Questa divisione nelle forze di opposizione è rimasta sopita dopo la caduta della dittatura e la proclamazione del Cittadino Costituente. La dittatura allora sembrava una realtà decisamente alle spalle. Ma, come ha avvertito Millôr Fernandes, "il Brasile ha un enorme passato davanti a sé"...
Con il golpe contro Dilma Roussef e la successiva elezione di Jair Bolsonaro, il passato è tornato a perseguitarci. L'ascesa dell'estrema destra al potere e la “riabilitazione” del regime militare prefiguravano la minaccia di un ritorno a un passato addolcito dalla propaganda governativa.

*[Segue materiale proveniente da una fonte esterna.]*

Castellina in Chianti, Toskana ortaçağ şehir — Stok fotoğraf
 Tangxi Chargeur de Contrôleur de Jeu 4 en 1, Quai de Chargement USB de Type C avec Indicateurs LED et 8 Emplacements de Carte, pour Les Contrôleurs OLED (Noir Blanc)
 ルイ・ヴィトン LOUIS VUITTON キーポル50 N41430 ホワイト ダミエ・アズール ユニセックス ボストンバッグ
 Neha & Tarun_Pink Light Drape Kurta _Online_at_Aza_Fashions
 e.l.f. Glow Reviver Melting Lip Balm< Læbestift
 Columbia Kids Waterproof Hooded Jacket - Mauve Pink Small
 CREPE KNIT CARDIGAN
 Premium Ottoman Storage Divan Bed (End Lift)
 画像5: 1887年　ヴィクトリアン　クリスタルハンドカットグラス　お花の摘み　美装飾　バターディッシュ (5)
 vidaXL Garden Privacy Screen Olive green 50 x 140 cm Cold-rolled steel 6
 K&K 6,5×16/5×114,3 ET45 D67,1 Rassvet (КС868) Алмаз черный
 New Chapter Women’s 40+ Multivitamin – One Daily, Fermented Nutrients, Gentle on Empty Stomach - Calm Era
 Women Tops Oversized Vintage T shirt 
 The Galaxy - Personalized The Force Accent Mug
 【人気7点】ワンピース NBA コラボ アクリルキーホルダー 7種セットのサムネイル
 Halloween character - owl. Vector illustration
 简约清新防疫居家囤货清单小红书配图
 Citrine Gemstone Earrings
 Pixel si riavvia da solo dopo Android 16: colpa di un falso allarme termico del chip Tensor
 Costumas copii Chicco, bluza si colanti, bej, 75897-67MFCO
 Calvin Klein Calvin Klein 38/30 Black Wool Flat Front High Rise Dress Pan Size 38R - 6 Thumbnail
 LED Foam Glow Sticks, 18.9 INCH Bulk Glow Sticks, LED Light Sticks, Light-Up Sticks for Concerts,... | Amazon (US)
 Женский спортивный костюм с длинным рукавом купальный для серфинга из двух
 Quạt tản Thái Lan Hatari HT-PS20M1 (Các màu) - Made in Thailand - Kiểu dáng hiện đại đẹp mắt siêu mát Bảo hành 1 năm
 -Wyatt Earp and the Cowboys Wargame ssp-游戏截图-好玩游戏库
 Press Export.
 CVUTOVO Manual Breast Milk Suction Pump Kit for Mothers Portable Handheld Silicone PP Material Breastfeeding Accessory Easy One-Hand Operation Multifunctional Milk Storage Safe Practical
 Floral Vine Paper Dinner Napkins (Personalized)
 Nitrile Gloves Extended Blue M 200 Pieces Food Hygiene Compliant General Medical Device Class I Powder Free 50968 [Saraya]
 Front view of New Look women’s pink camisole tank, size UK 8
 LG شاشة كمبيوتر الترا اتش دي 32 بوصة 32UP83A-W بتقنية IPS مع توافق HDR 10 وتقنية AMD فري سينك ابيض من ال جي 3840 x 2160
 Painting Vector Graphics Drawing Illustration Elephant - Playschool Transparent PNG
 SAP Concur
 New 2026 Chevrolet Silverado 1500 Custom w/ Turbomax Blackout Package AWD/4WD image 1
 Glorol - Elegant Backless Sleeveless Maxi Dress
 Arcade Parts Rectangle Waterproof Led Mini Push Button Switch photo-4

Oggi stiamo vivendo la battaglia tra “narrazioni” – la nuova espressione che è venuta a sostituire “discorso” e “linguaggio”, tutte attualizzate nel contesto postmoderno di notizie false La massima di Nietzsche: "Non ci sono fatti, solo interpretazioni".
Di fronte al drammatico scenario politico, si ripropone la questione delle alleanze, che esige una presa di posizione delle forze progressiste. Di fronte all'avanzata del fascismo è necessario un ampio fronte democratico, che unisca tutti (tutti!) gli insoddisfatti dell'attuale governo. Riusciranno i partiti di sinistra a lasciare la loro zona di comfort, la loro “bolla”, e formare un'ampia gamma di alleanze? O, al contrario, seguiranno la politica del risentimento e dell'autoisolamento, ripetendo l'inefficace ricetta del “pane e panino”, predicando solo ai convertiti? Va anche ricordato che l'egemonia non è qualcosa di dato a priori e imposto a partiti allineati, ma una conquista ottenuta nel corso di un processo.
Come si può concludere, si continua ancora in un “presente empirico”, e, quel che è peggio, minacciato dall'eterno ritorno del medesimo e dalla permanenza in un presente-più-che-imperfetto che sembra non avere fine.
*Celso Federico è professore ordinario in pensione presso la School of Communications and Arts dell'USP.